Re: [LSF/MM/BPF TOPIC]mTHP reliable allocation and reclamation

Yang Shi <shy828301@xxxxxxxxx> · Wed, 15 May 2024 07:49:22 -0600

On Tue, May 14, 2024 at 3:20 AM Barry Song <21cnbao@xxxxxxxxx> wrote:
>
> On Sat, May 11, 2024 at 9:18 AM Yang Shi <shy828301@xxxxxxxxx> wrote:
> >
> > On Thu, May 9, 2024 at 7:22 PM Barry Song <21cnbao@xxxxxxxxx> wrote:
> > >
> > > Hi,
> > >
> > > I'd like to propose a session about the allocation and reclamation of
> > > mTHP. This is related to Yu Zhao's
> > > TAO[1] but not the same.
> > >
> > > OPPO has implemented mTHP-like large folios across thousands of
> > > genuine Android devices, utilizing
> > > ARM64 CONT-PTE. However, we've encountered challenges:
> > >
> > > - The allocation of mTHP isn't consistently reliable; even after
> > > prolonged use, obtaining large folios
> > >   remains uncertain.
> > >   As an instance, following a few hours of operation, the likelihood
> > > of successfully allocating large
> > >   folios on a phone may decrease to just 2%.
> > >
> > > - Mixing large and small folios in the same LRU list can lead to
> > > mutual blocking and unpredictable
> > >   latency during reclamation/allocation.
> >
> > I'm also curious how much large folios can improve reclamation
> > efficiency.
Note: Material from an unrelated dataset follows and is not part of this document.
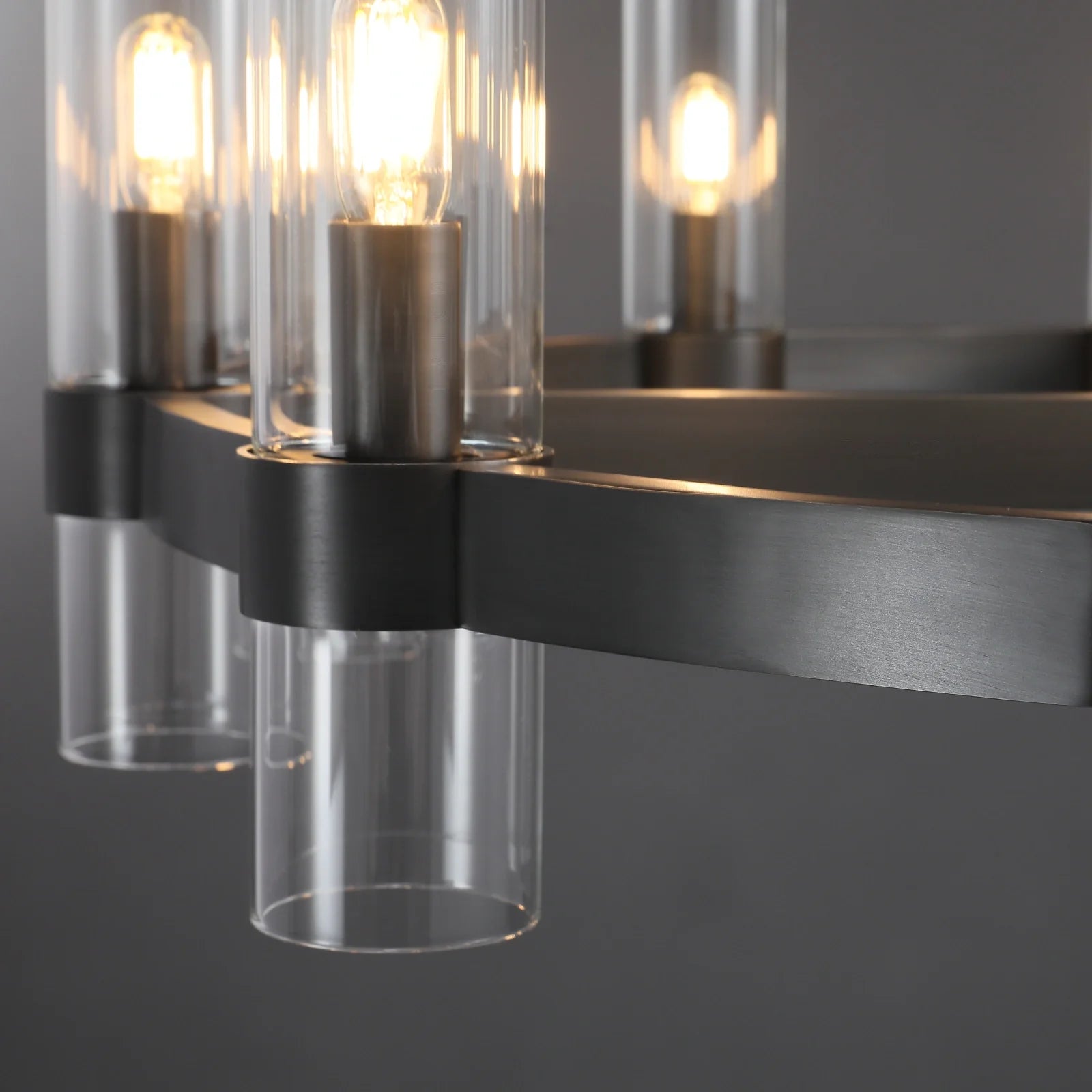 Rivelle Round Chandelier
Having large folios is supposed to reduce the scan time
> > since there should be fewer folios on LRU. But IIRC I haven't seen too
> > much data or benchmark (particularly real life workloads) regarding
> > this.
>
> Hi Yang,
>
> We lack direct data on this matter, but information from Ryan's THP_SWPOUT
> series [1] provides insights as follows:
>
> | alloc size |                baseline |           + this series |
> |            | mm-unstable (~v6.9-rc1) |                         |
> |:-----------|------------------------:|------------------------:|
> | 4K Page    |                    0.0% |                    1.3% |
> | 64K THP    |                  -13.6% |                   46.3% |
> | 2M THP     |                   91.4% |                   89.6% |
>
>
> I suspect the -13.6% performance decrease is due to the split
> operation. Once the split
> is eliminated, the patchset observed a 46.3% increase. It is presumed
> that the overhead
> required to reclaim 64K is reduced compared to reclaiming 16 * 4K.
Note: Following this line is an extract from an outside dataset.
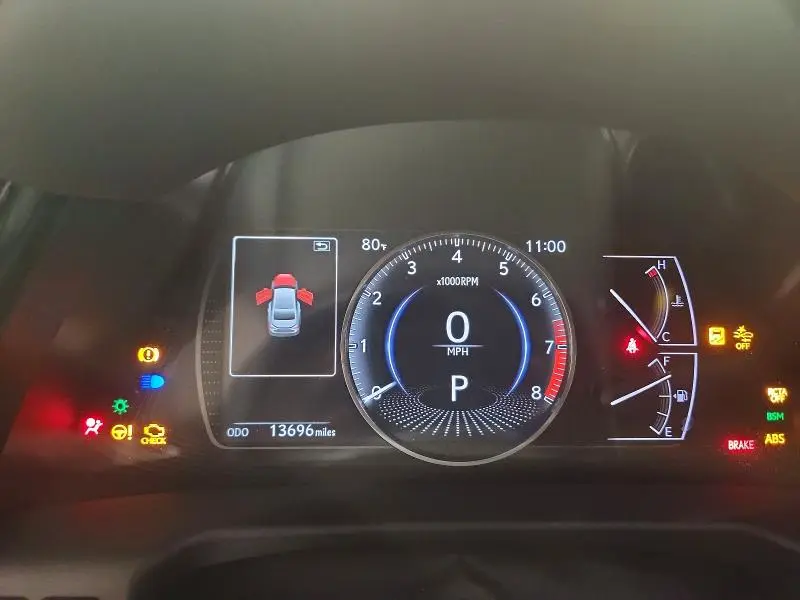 2024 LEXUS ES 350 BASE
Thank you. Actually I care about 4k vs 64k vs 256k ...

I did a simple test by calling MADV_PAGEOUT on 4G memory w/ the
swapout optimization then measured the time spent in madvise, I can
see the time was reduced by ~23% between 64k vs 4k. Then there is no
noticeable reduction between 64k and larger sizes.
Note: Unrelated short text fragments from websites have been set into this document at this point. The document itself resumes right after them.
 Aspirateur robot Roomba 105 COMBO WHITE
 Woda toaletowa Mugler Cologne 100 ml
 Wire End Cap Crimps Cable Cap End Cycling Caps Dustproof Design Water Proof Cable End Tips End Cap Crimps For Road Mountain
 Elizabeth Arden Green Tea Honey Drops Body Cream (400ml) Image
Actually I saw such a pattern (performance doesn't scale with page
size after 64K) with some real life workload benchmark. I'm going to
talk about it in today's LSF/MM.

>
> However, at present, in actual android devices, we are observing
> nearly 100% occurrence
> of anon_thp_swpout_fallback after the device has been in operation for
> several hours[2].
>
> Hence, it is likely that we will experience regression instead of
> improvement due to the
> absence of measures to mitigate swap fragmentation.
>
> [1] https://lore.kernel.org/all/20240408183946.2991168-1-ryan.roberts@xxxxxxx/
> [2] https://lore.kernel.org/lkml/CAGsJ_4zAcJkuW016Cfi6wicRr8N9X+GJJhgMQdSMp+Ah+NSgNQ@xxxxxxxxxxxxxx/
>
> >
> > >
> > >   For instance, if you require large folios, the LRU list's tail could
> > > be filled with small folios.
> > >   LRU(LF- large folio, SF- small folio):
> > >
> > >    LF - LF - LF -  SF - SF - SF - SF - SF - SF -SF - SF - SF - SF - SF - SF - SF
> > >
> > >  You might end up reclaiming many small folios yet still struggle to
> > > allocate large folios. Conversely,
> > >  the inverse scenario can occur when the LRU list's tail is populated
> > > with large folios.
> > >
> > >    SF - SF - SF -  LF - LF - LF - LF - LF - LF -LF - LF - LF - LF - LF - LF - LF
> > >
> > > In OPPO's products, we allocate dedicated pageblocks solely for large
> > > folios allocation, and we've
> > > fine-tuned the LRU mechanism to support dual LRU—one for small folios
> > > and another for large ones.
> > > Dedicated page blocks offer a fundamental guarantee of allocating
> > > large folios. Additionally, segregating
> > > small and large folios into two LRUs ensures that both can be
> > > efficiently reclaimed for their respective
> > > users' requests.  However, while the implementation may lack aesthetic
> > > appeal and is primarily tailored
> > > for product purposes, it isn't fully upstreamable.
> > >
> > > You can obtain the architectural diagram of OPPO's approach from link[2].
> > >
> > > Therefore, my plan is to present:
> > >
> > > - Introduce the architecture of OPPO's mTHP-like approach, which
> > > encompasses additional optimizations
> > >   we've made to address swap fragmentation issues and improve swap
> > > performance, such as dual-zRAM
> > >   and compression/decompression of large folios [3].
> > >
> > > - Present OPPO's method of utilizing dedicated page blocks and a
> > > dual-LRU system for mTHP.
> > >
> > > - Share our observations from employing Yu Zhao's TAO on Pixel 6 phones.
> > >
> > > - Discuss our future direction—are we leaning towards TAO or dedicated
> > > page blocks? If we opt for page
> > >   blocks, how do we plan to resolve the LRU issue?
> > >
> > > [1] https://lore.kernel.org/linux-mm/20240229183436.4110845-1-yuzhao@xxxxxxxxxx/
> > > [2] https://github.com/21cnbao/mTHP/blob/main/largefoliosarch.png
> > > [3] https://lore.kernel.org/linux-mm/20240327214816.31191-1-21cnbao@xxxxxxxxx/
> > >
> Thanks,
> Barry